Nnname nname. Define a notation. This command will be preceded by a p command if the
notation was declared with a public identifier, and by a s command if the notation
was declared with a system identifier. If the -n option was specified, this
command will also be preceded by an f command giving the system identifier
generated by the entity manager (unless it was unable to generate one). A notation
will only be defined if it is to be referenced in an E command or in an A command
for an attribute with a declared value of NOTATION.

Eename typ nname
Define an external data entity named ename with type typ (CDATA, NDATA or SDATA)
and notation not. This command will be preceded by an f command giving the system
identifier generated by the entity manager (unless it was unable to generate one),
by a p command if a public identifier was declared for the entity, and by a s
command if a system identifier was declared for the entity. not will have been
defined using a N command. Data attributes may be specified for the entity using D
commands. If the -oentity option is not specified, an external data entity will
only be defined if it is to be referenced in a & command or in an A command for an
attribute whose declared value is ENTITY or ENTITIES.

Iename typ text
Define an internal data entity named ename with type typ and entity text text. The
typ will be CDATA or SDATA unless the -oentity option was specified, in which case
it can also be PI or TEXT (for an text entity). If the -oentity option is not
specified, an internal data entity will only be defined if it is referenced in an A
command for an attribute whose declared value is ENTITY or ENTITIES.
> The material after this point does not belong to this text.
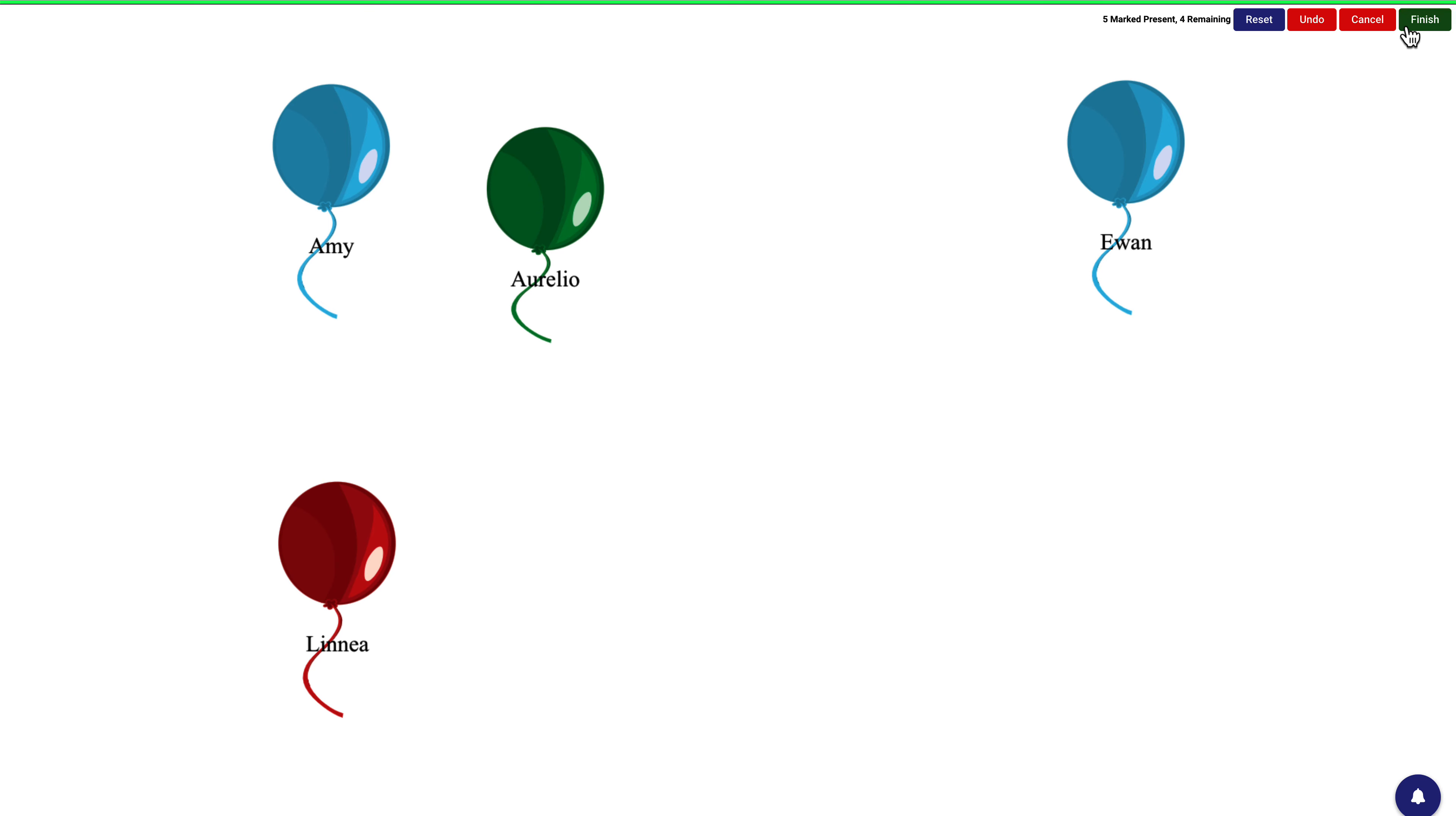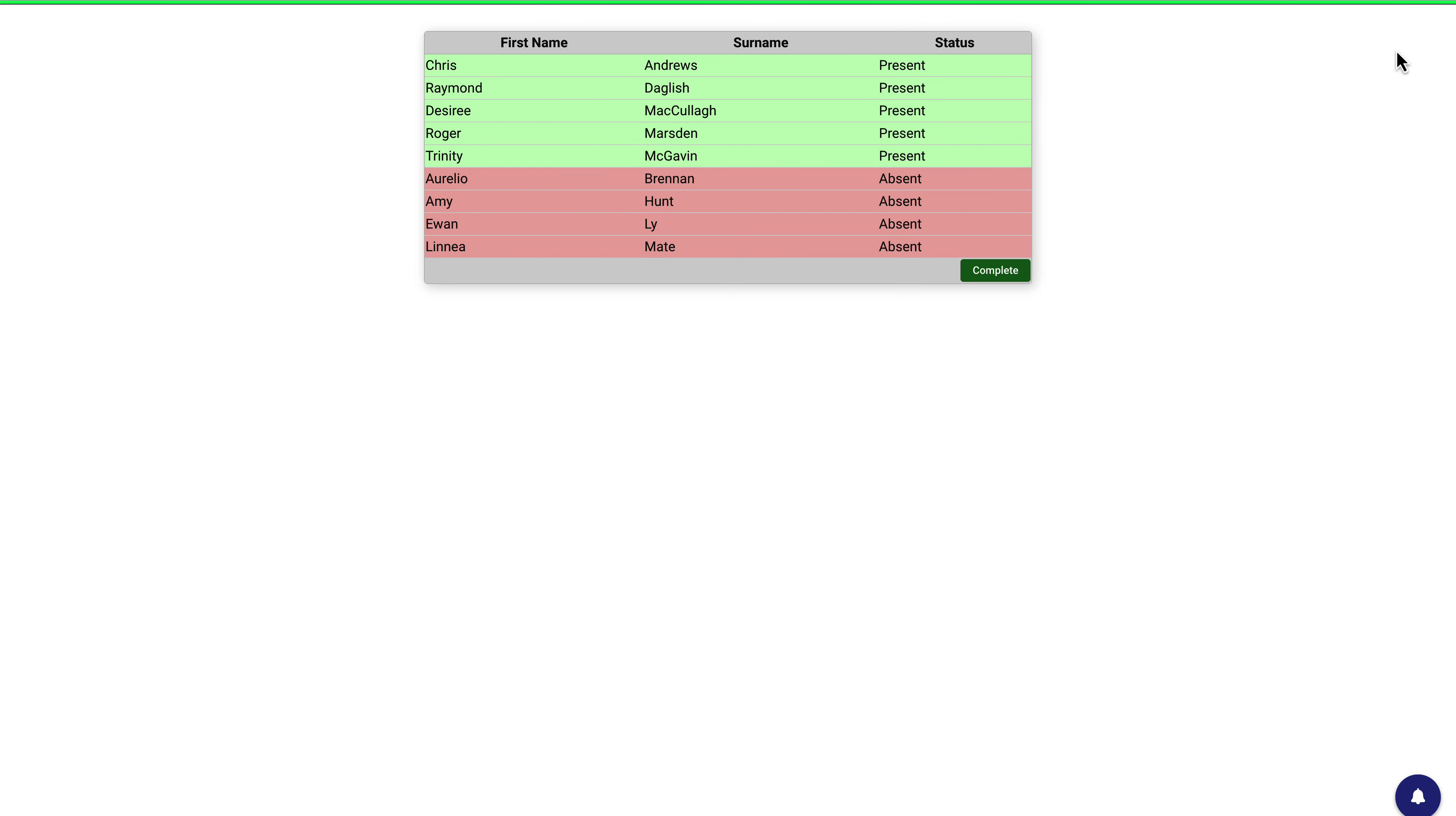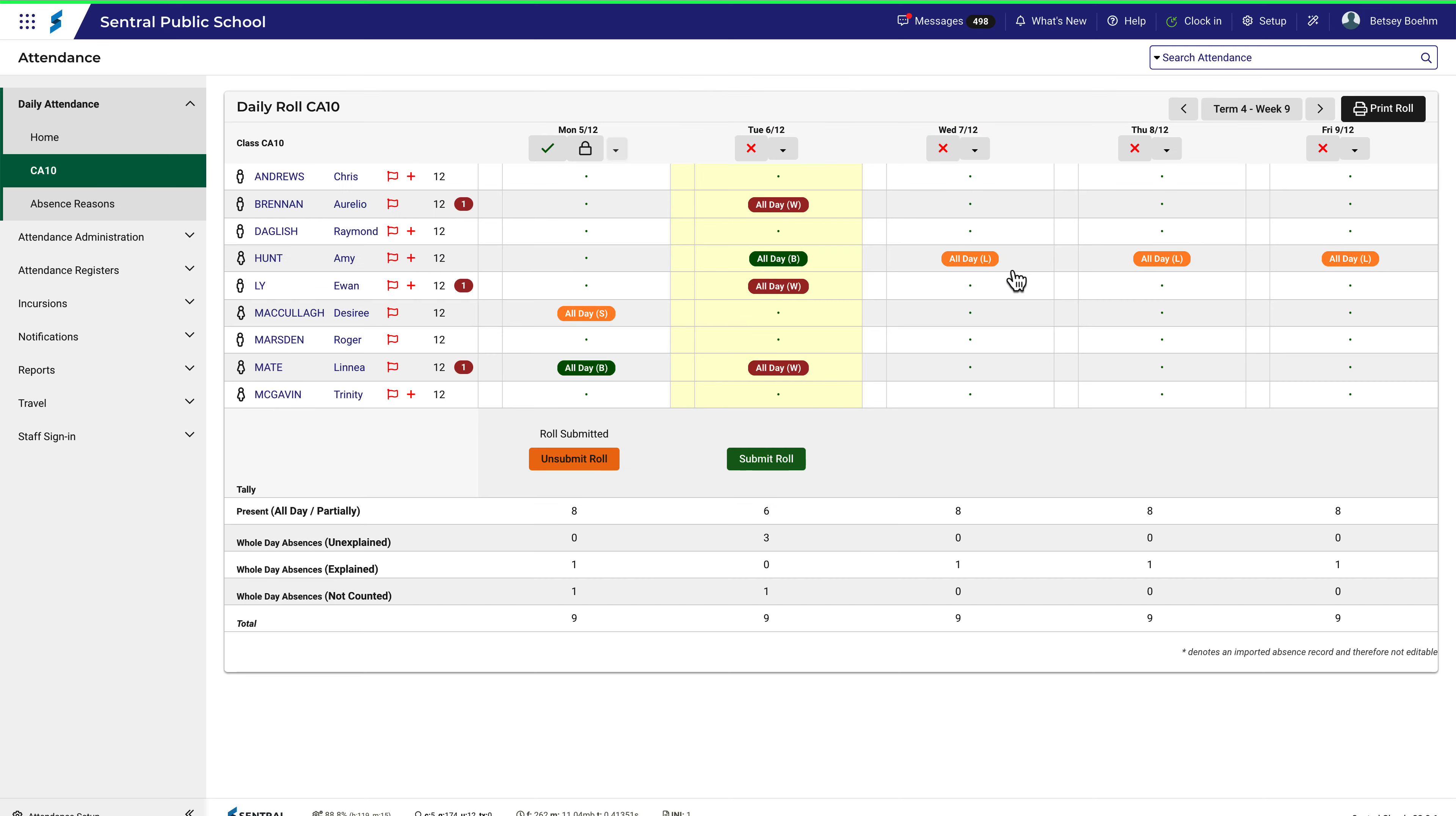When completed, click Finish in the top right corner, then press Complete. To finish the process, remember to submit your role.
Sename Define a subdocument entity named ename. This command will be preceded by an f
command giving the system identifier generated by the entity manager (unless it was
unable to generate one), by a p command if a public identifier was declared for the
entity, and by a s command if a system identifier was declared for the entity. If
the -oentity option is not specified, a subdocument entity will only be defined if
it is referenced in a { command or in an A command for an attribute whose declared
value is ENTITY or ENTITIES.

Tename Define an external SGML text entity named ename. This command will be preceded by
an f command giving the system identifier generated by the entity manager (unless
it was unable to generate one), by a p command if a public identifier was declared
for the entity, and by a s command if a system identifier was declared for the
entity. This command will be output only if the -oentity option is specified.

ssysid This command applies to the next E, S, T or N command and specifies the associated
system identifier.

ppubid This command applies to the next E, S, T or N command and specifies the associated
public identifier.

fsysid This command applies to the next E, S, T or, if the -n option was specified, N
command and specifies the system identifier generated by the entity manager from
the specified external identifier and other information about the entity or
notation.

{ename The start of the subdocument entity ename; ename will have been defined using a S
command.

}ename The end of the subdocument entity ename.

Llineno file
Llineno
Set the current line number and filename. The file argument will be omitted if
only the line number has changed. This will be output only if the -l option has
been given.

#text An APPINFO parameter of text was specified in the declaration. This is not
strictly part of the ESIS, but a structure-controlled application is permitted to
act on it. No # command will be output if APPINFO NONE was specified. A # command
will occur at most once, and may be preceded only by a single L command.

C This command indicates that the document was a conforming document. If this
command is output, it will be the last command. An document is not conforming if
it references a subdocument entity that is not conforming.

ENVIRONMENT


SP_BCTF
If this is set to one of identity, utf-8, euc-jp and sjis, then that BCTF will be
used as the default BCTF for everything (including file input, file output, message
output, filenames and command line arguments).